A client requests access to blob storage through a worker role and receives access information. Then, similar to pattern 2, the client writes data to blob and job message to a queue. The detailed steps are:

  1. Client sends access request to a worker role
  2. Worker role performs lookup to determine location of destination resource and permissions (shown as 'Config Store' in figure 7 – e.g. table storage)
  3. Worker role returns resource reference and Shared Access Signature (SAS) back to the client
  4. Client writes data to blob using the SAS
  5. Client writes job message to a queue
  6. Processing continues as in previous patterns having another worker role to perform the post-processing. This is not depicted in figure 7 in order to simplify the graphic – it is analogous to the previous patterns.

Also in this pattern the client is responsible for transaction management.

Advantages

  • Shared temporary access control
  • Dynamic permissions control and routing for multi-tenant environments
  • High throughput to blob storage – the data is transferred to Azure as fast as possible

Disadvantages

  • Potential code changes for existing on-premises components because of new development paradigm (e.g. Azure blob storage, REST API)
  • Client needs to handle transactions

Pattern 8 – Upload Using Scalable Receiver

A high level overview of the pattern is shown in Figure 8:

Figure 8 – Upload using scalable receiver

Description:

A client sends data to a receiver running on worker role; post-processing is done asynchronously by another set of worker role instances.

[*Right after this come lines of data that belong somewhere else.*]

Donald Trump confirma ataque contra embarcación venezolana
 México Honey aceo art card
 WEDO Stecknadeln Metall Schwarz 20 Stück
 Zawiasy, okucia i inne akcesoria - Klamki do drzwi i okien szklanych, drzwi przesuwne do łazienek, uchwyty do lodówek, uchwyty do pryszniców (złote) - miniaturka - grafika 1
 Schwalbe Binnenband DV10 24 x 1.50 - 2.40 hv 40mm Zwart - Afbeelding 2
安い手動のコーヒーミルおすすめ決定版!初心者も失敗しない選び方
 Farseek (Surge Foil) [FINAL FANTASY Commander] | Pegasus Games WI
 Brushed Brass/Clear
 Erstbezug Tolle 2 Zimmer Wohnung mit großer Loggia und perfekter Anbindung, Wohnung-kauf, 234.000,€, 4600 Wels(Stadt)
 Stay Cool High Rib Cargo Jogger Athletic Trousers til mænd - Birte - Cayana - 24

The detailed steps as shown in the graphic are:

  1. Client sends data to a worker role (using stateless messages or communication with session management)
  2. Worker role writes data to blob
  3. Worker role writes job message to a queue (incl. reference to the blob)
  4. Second worker role picks up job message from the queue
  5. Second worker role reads data from blob
  6. Second worker role performs post-processing and writes the result to the final blob

In this case the first worker role is responsible for transaction management (i.e. for steps 2 and 3).

Advantages

  • Receiver responsible for transaction management
  • Reduced need for client code changes
  • High speed post-processing

Disadvantages

  • Additional cost for running receiver worker role instances
  • Potential session management challenges or design using stateless messages

Summary

In this blog post we described several common scenarios for data upload to Windows Azure based on our experience from real-life Azure projects. We introduced each pattern and discussed the advantages and disadvantages in comparison. We hope this gives you some ideas and guidance on possible patterns and variations, which may apply to your solution's specific requirements.